# 3.4.5 Iteration strategy and convergence

Author(s): Alex Bombrun, David Hobbs

AGIS is a hybrid iterative solver with a ‘simple iteration’ (SI) scheme that was the starting point for a long development towards a fully functional scheme with much improved convergence properties. The main stages in this development were the ‘accelerated simple iteration’ (ASI), the conjugate gradients (CG), and finally the fully flexible ‘hybrid scheme’ (SI–CG) to be used in the final implementation of AGIS. As much of this development has at most historical interest, only a brief outline is given here.

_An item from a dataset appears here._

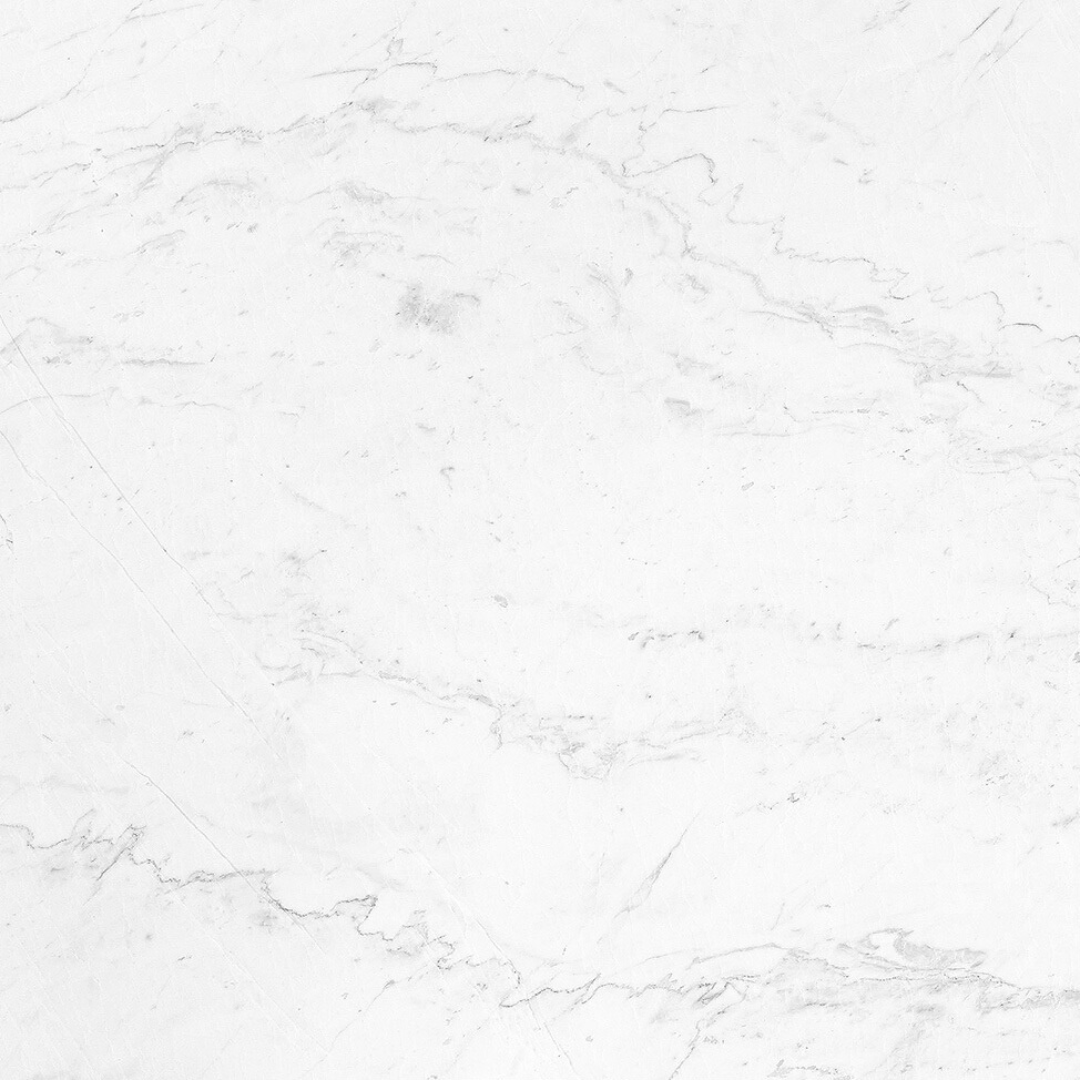 PIRGON White Marmor bei Naturstein Tilmes – Eleganter weißer Marmor mit hoher Festigkeit & vielseitigen Einsatzmöglichkeiten. Jetzt Angebot anfragen!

Already in the very early implementation of the simple iteration scheme it was observed that convergence was slower than (naively) expected, and that after some iterations, the updates always seemed to go in the same direction, forming a geometrically (exponentially) decreasing series. This behaviour was very easily understood: the persistent pattern of updates is roughly proportional to the eigenvector of the largest eigenvalue of the iteration matrix, and the (nearly constant) ratio of the sizes of successive updates is the corresponding eigenvalue. From this realization it was natural to test an acceleration method based on a Richardson-type extrapolation of the updates. The idea is simply that if the updates in two successive iterations are roughly proportional to each other, $\boldsymbol{d}^{(k+1)}\simeq\lambda\boldsymbol{d}^{(k)}$, with $|\lambda|<1$, then we can infer that the next update is again a factor $\lambda$ smaller than $\boldsymbol{d}^{(k+1)}$, and so on. The sum of all the updates after iteration $k$ can therefore be estimated as $\boldsymbol{d}^{(k+1)}+\lambda\boldsymbol{d}^{(k+1)}+\lambda^{2}\boldsymbol{d}% ^{(k+1)}+\dots=(1-\lambda)^{-1}\boldsymbol{d}^{(k+1)}$. Thus, in iteration $k+1$ we apply an acceleration factor $1/(1-\lambda)$ based on the current estimate of the ratio $\lambda$. This accelerated simple iteration (ASI) scheme is seen to be a variant of the well-known successive over-relaxation method (Axelsson 1996). The factor $\lambda$ is estimated by statistical analysis of the parallax updates for a small fraction of the sources; the parallax updates are used for this analysis, since they are unaffected by a possible change in the frame orientation between successive iterations. With this simple device, the number of iterations for full convergence was reduced roughly by a factor 2.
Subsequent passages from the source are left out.